What you have to do: Every entry below must be repeated exactly; skip the pictures.

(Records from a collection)
---

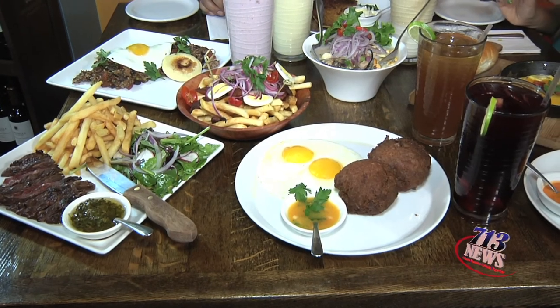And now we're going to enjoy this brunch from seven South American countries. Please, buen provecho!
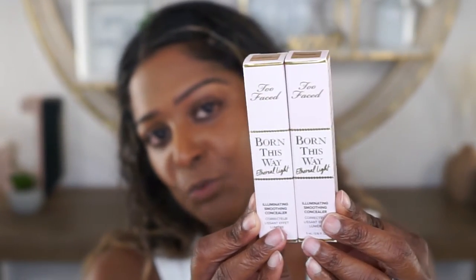Let me show you the packaging. Way back in the day I did try the other Born This Way concealer - I think it was a sculpting concealer. I don't know if I still have that one; if I did I'd probably need to trash it because it's probably some years old. I never tried the Born This Way foundation. I do have the Ethereal Light setting powder though. The packaging looks very similar to those other two products.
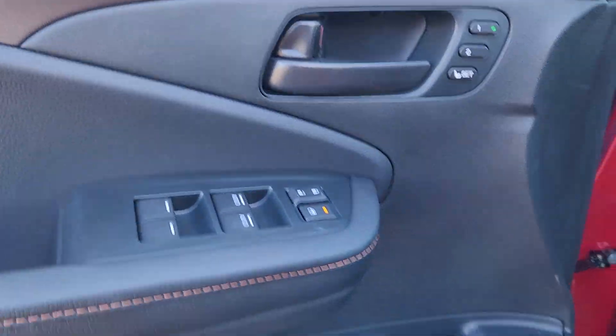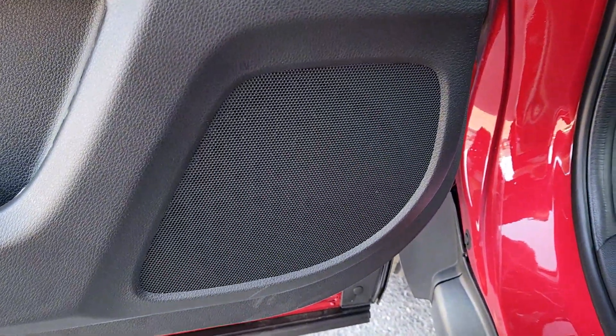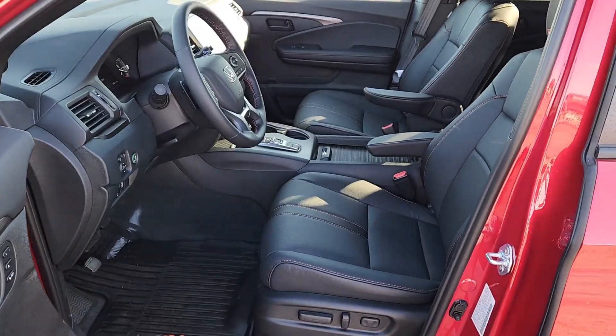Keyless entry. Fog lamps. Satellite radio. Backup camera. Lane-keeping assist. Heated mirrors.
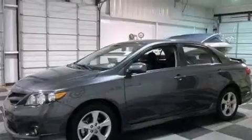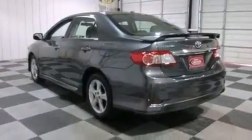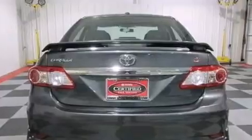Features include a low tire pressure indicator, traction control and stability control systems, full power accessories, a CD player, and a passenger side vanity mirror.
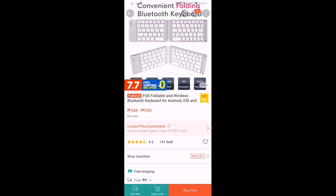Hello, party people. Let us try to review this F68 Foldable and Wireless Bluetooth Keyboard that I purchased at Shopee for 548 pesos.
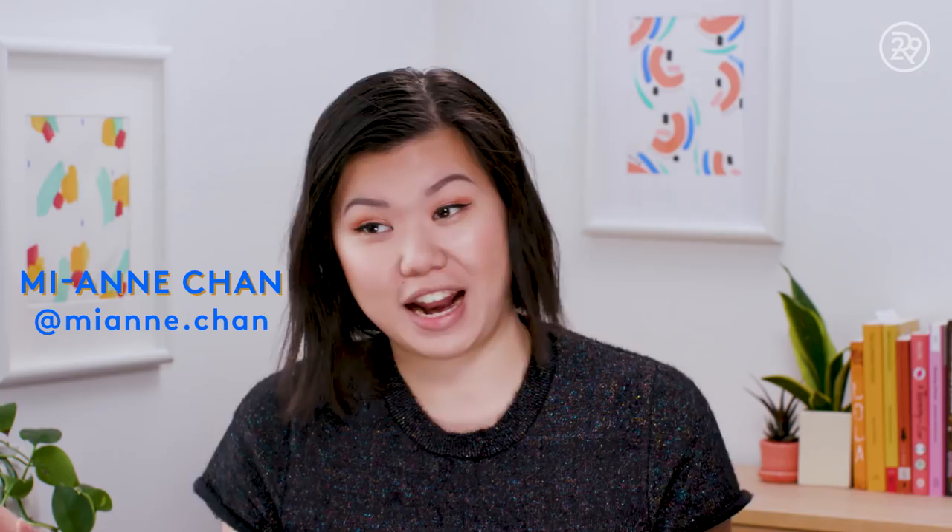Hey guys, it's Mi-Anne and this is Beauty With Me. Today we're talking about dupes, and I love a good dupe. When I was in high school and I had no money, I used to scour the internet looking for dupes. Now that I'm in the industry doing beauty stuff every single day, I still revel in the discovery of finding a good one.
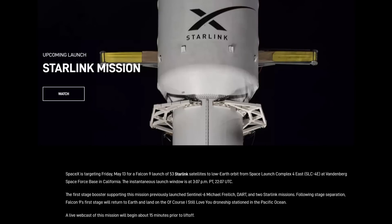SpaceX will be placing more satellites in their constellation just hours from now. And if you'd like a viewing buddy, I'll be streaming it live on the tubes, so be sure to head over there as soon as we're done here.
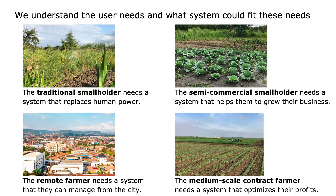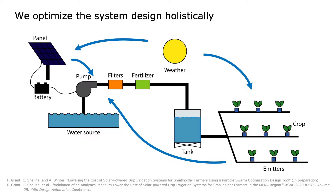We've discovered their corresponding irrigation needs, and we're developing system architectures that meet these needs. The needs are then used to design a system. A solar-powered drip irrigation system is made up of interdependent components.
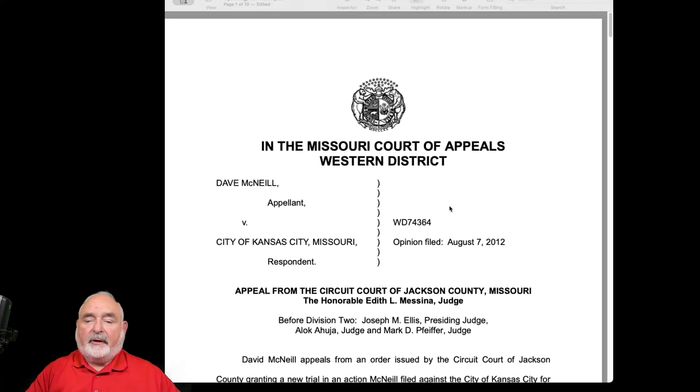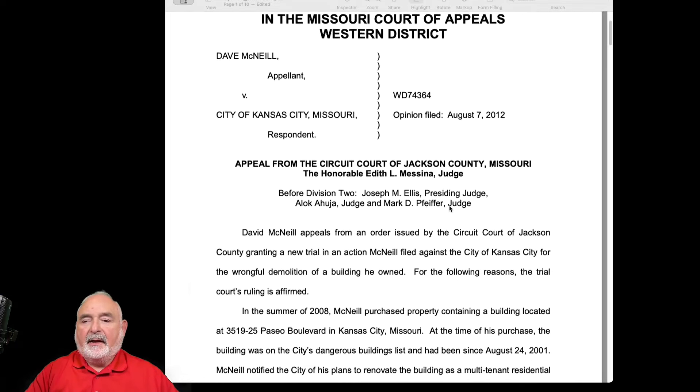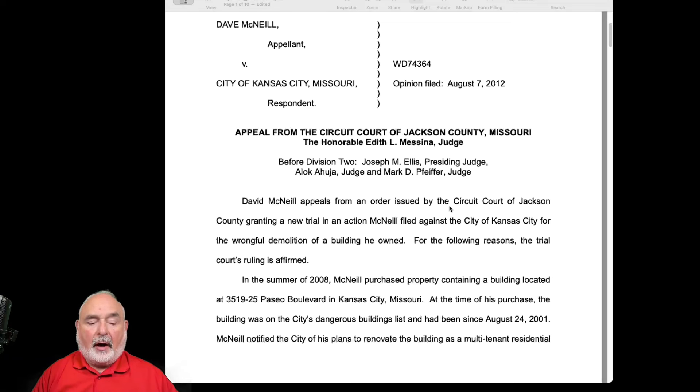Tying these issues down to specific facts, however, has given many litigants a difficult time over the last couple of years. Let's look at one of those cases. This is a case from 2012 involving a guy by the name of Dave McNeil in the city of Kansas City. He appealed for an order issued by the circuit court granting a new trial, an action against the city of Kansas City for wrongful demolition of a building that he owned. In Missouri, if you have a bad outcome at trial and you have made proper objections and can articulate a good reason for the court to do so, the court can grant you a new trial on its own review of the evidence and its own review of the facts. And in this case, that's what happened.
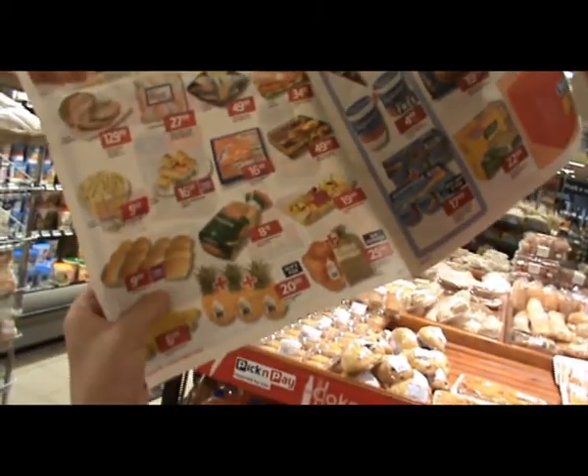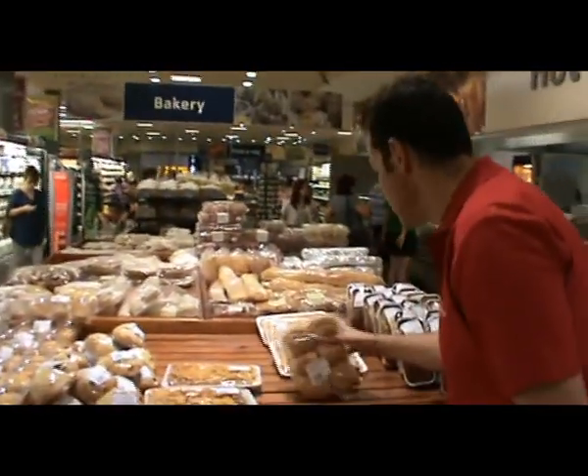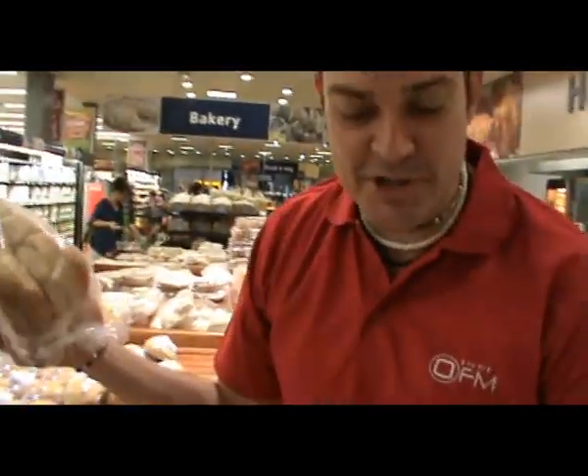Today I can see I can earn triple points on Pick'n Pay soft roll. I've earned three times the amount of points just because I consulted pnp.co.za or one of the leaflets in store.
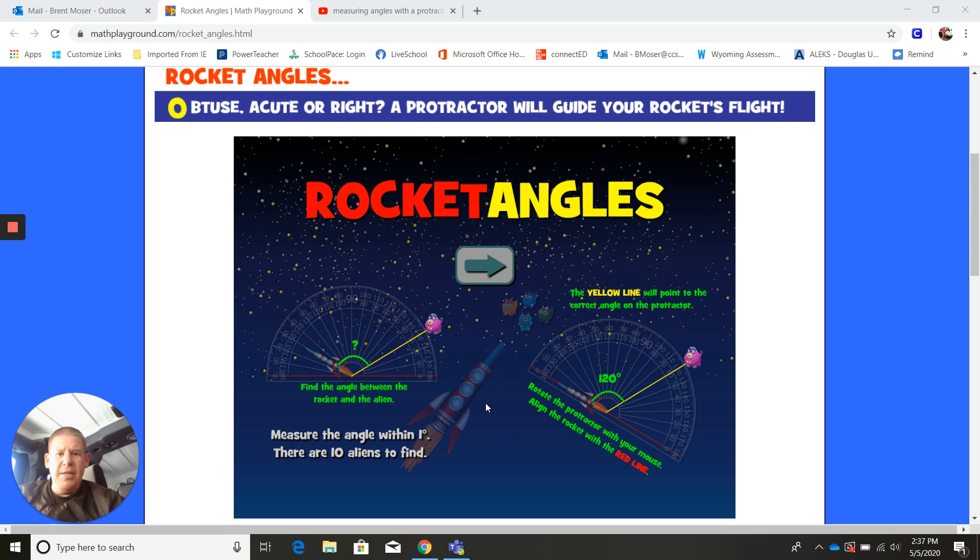The directions are pretty easy, but I found it easier to just play with it and go through it rather than read through the directions. So if we look down here, you're going to see a little alien man and then a rocket. The goal of the game is to find the angle between the rocket and the alien, and you want to measure the angle within one degree — so you can be one degree off. If the correct answer was 50 degrees and you said 51, that would still count as correct. There are 10 different aliens to find, so just go through and practice using a protractor to get that angle measure.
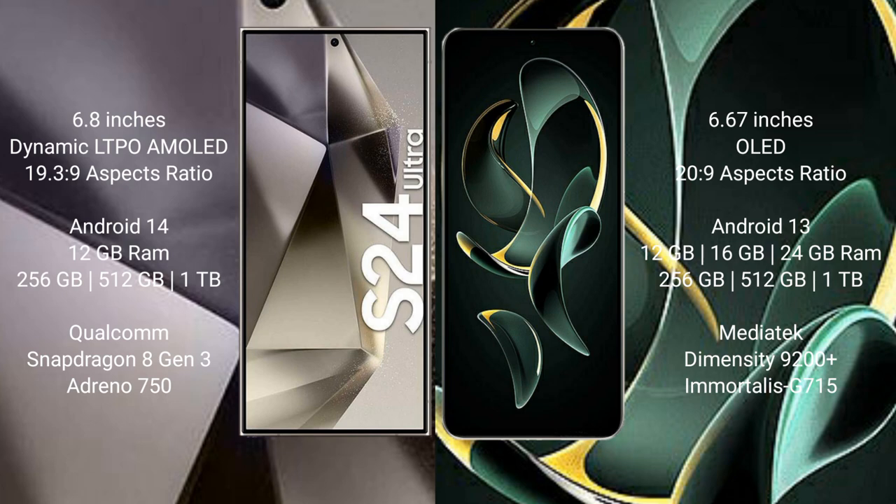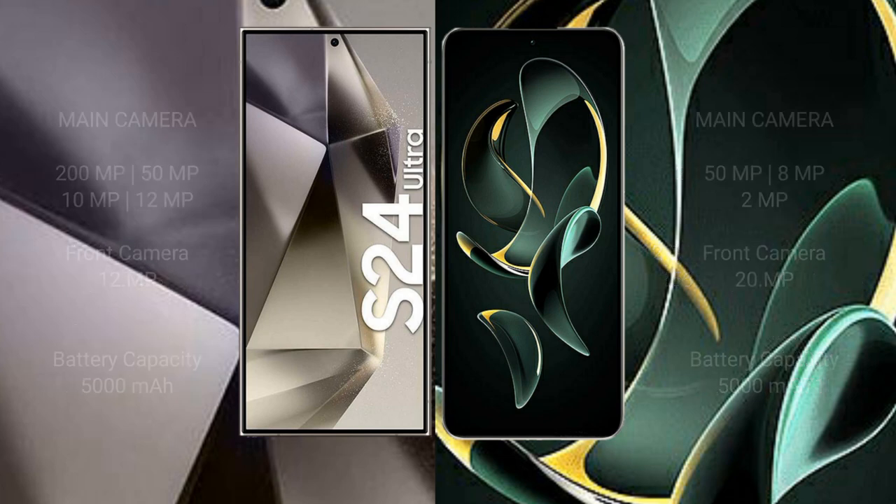Samsung Galaxy S24 Ultra comes with 12GB RAM and 256GB, 512GB, or 1TB internal storage, with a Qualcomm Snapdragon 8 Gen 3 processor and GPU Adreno 750. Redmi K60 Ultra comes with 12GB, 16GB, or 24GB RAM and 256GB, 512GB, or 1TB internal storage, with a MediaTek Dimensity 9200 Plus processor and GPU Mali-G715.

---

Answer area:
And now we're going to enjoy this brunch from seven South American countries. Please, buen provecho!
Let me show you the packaging. Way back in the day I did try the other Born This Way concealer - I think it was a sculpting concealer. I don't know if I still have that one; if I did I'd probably need to trash it because it's probably some years old. I never tried the Born This Way foundation. I do have the Ethereal Light setting powder though. The packaging looks very similar to those other two products.
Keyless entry. Fog lamps. Satellite radio. Backup camera. Lane-keeping assist. Heated mirrors.
Features include a low tire pressure indicator, traction control and stability control systems, full power accessories, a CD player, and a passenger side vanity mirror.
Hello, party people. Let us try to review this F68 Foldable and Wireless Bluetooth Keyboard that I purchased at Shopee for 548 pesos.
Hey guys, it's Mi-Anne and this is Beauty With Me. Today we're talking about dupes, and I love a good dupe. When I was in high school and I had no money, I used to scour the internet looking for dupes. Now that I'm in the industry doing beauty stuff every single day, I still revel in the discovery of finding a good one.
SpaceX will be placing more satellites in their constellation just hours from now. And if you'd like a viewing buddy, I'll be streaming it live on the tubes, so be sure to head over there as soon as we're done here.
We've discovered their corresponding irrigation needs, and we're developing system architectures that meet these needs. The needs are then used to design a system. A solar-powered drip irrigation system is made up of interdependent components.
Tying these issues down to specific facts, however, has given many litigants a difficult time over the last couple of years. Let's look at one of those cases. This is a case from 2012 involving a guy by the name of Dave McNeil in the city of Kansas City. He appealed for an order issued by the circuit court granting a new trial, an action against the city of Kansas City for wrongful demolition of a building that he owned. In Missouri, if you have a bad outcome at trial and you have made proper objections and can articulate a good reason for the court to do so, the court can grant you a new trial on its own review of the evidence and its own review of the facts. And in this case, that's what happened.
Today I can see I can earn triple points on Pick'n Pay soft roll. I've earned three times the amount of points just because I consulted pnp.co.za or one of the leaflets in store.
The directions are pretty easy, but I found it easier to just play with it and go through it rather than read through the directions. So if we look down here, you're going to see a little alien man and then a rocket. The goal of the game is to find the angle between the rocket and the alien, and you want to measure the angle within one degree — so you can be one degree off. If the correct answer was 50 degrees and you said 51, that would still count as correct. There are 10 different aliens to find, so just go through and practice using a protractor to get that angle measure.
Samsung Galaxy S24 Ultra comes with 12GB RAM and 256GB, 512GB, or 1TB internal storage, with a Qualcomm Snapdragon 8 Gen 3 processor and GPU Adreno 750. Redmi K60 Ultra comes with 12GB, 16GB, or 24GB RAM and 256GB, 512GB, or 1TB internal storage, with a MediaTek Dimensity 9200 Plus processor and GPU Mali-G715.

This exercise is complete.